And, if you are prepared to listen to and dance along to the tunes here, I think that you will too.
Gilles Peterson: DJ; Lionel Loueke: guitars, vocals.
Produced by Gilles Peterson and Alex Patchwork
In 2020, Loueke released ‘HH’, an album of Herbie Hancock tunes. This was well received and, given how long Loueke spent in Hancock’s band, you’d expect Loueke to have an intimate understanding of the structure of these tunes.
While ‘HH’ imagined Hancock’s tunes through Loueke’s playing, this new album imagines Louke’s imagined version.
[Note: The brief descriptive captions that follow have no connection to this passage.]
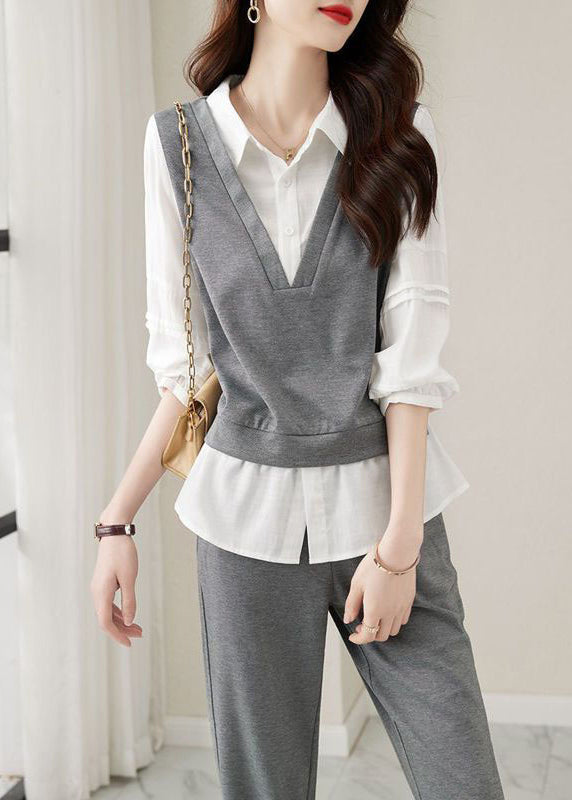Grey Peter Pan Collar Tops and Pants Cotton Two-piece Set Fall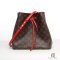 LV NEONOE MM BROWN MONOGRAM RED CANVAS GHW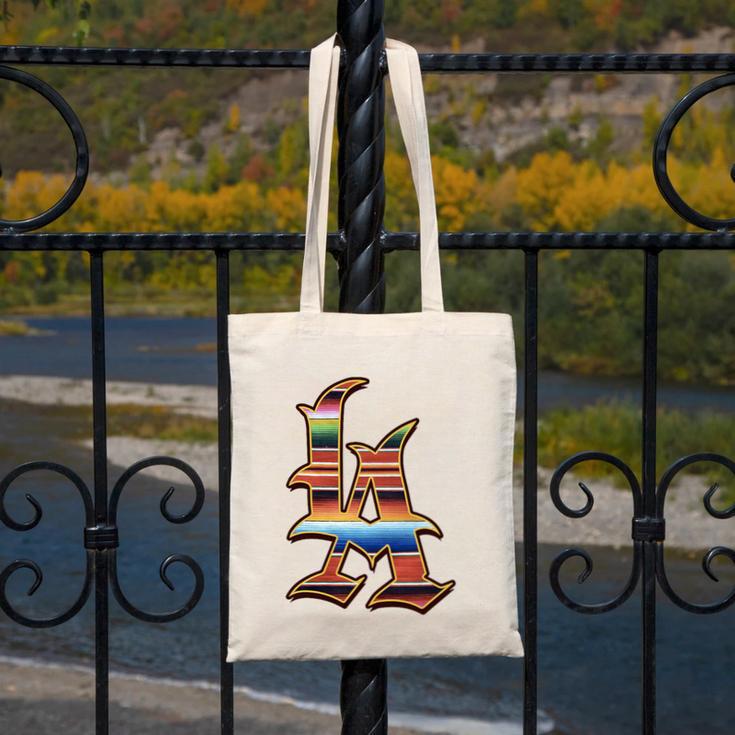 LA Sarape Los Angeles LA Sarape East LA Baseball Mexican Premium Tri-Blend Canvas Tote Bag LA Sarape Los Angeles LA Sarape East LA Baseball Mexican Premium Tri-Blend Canvas Tote Bag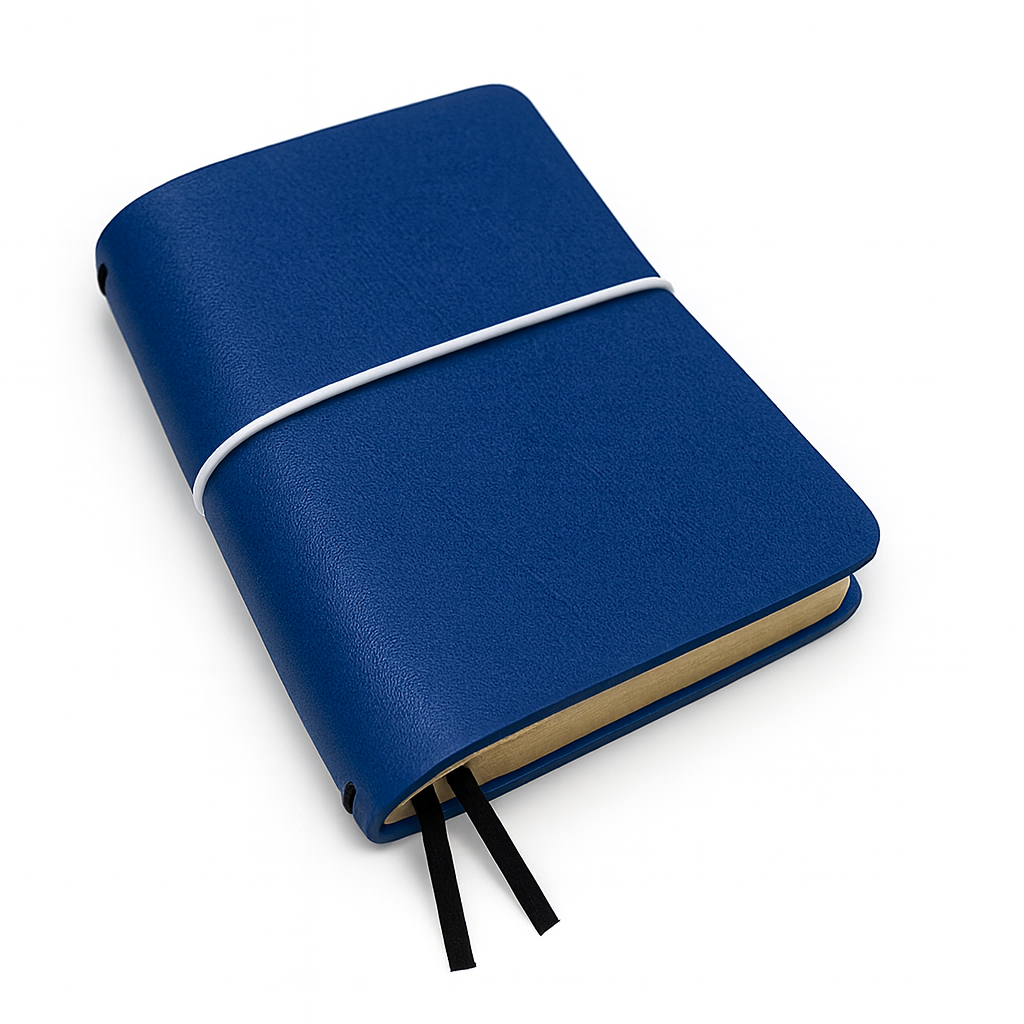 FLEXI ("M")-farba: ROYAL BLUE s bielymi doplnkami -  modrá; kožený zápisník - 2025, TO-DO, čisté strany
In this respect, while titles of Hancock’s tunes are used to name the pieces here, there is very little left from the original versions.
To complicate matters, rather than an actual remix (of the ‘HH’ recordings) Loueke creates new lines inspired by ‘HH’ and these are mixed by Peterson and layered with club rhythms and beats. So, ‘Watermelon Man’ or ‘One finger snap’ have none of the melody and little of the structure of their originals.
In this case, the degree of ‘reimagining’ becomes a matter of falling through mirrors. The sections that have been used as the foundations of these mixes are most likely to draw on Loueke’s Beninese-inspired rhythms and guitar loops washed with electronic effects.
The balance between Loueke’s rhythmic lines and guitar distortions and the undulating beats creates a distinct musical language in which Peterson’s enthusiasm in world music and club rhythms complements Loueke’s marriage of traditional rhythms and imaginative guitar lines.
Of course, with chart bothering tunes such as ‘Rockit’, Hancock wasn’t averse to producing music that could get people dancing. One imagines that he’d enjoy the rhythms and beats on this album. And, if you are prepared to listen to and dance along to the tunes here (and dismiss the concept of Hancock originals from your mind), I think that you will too.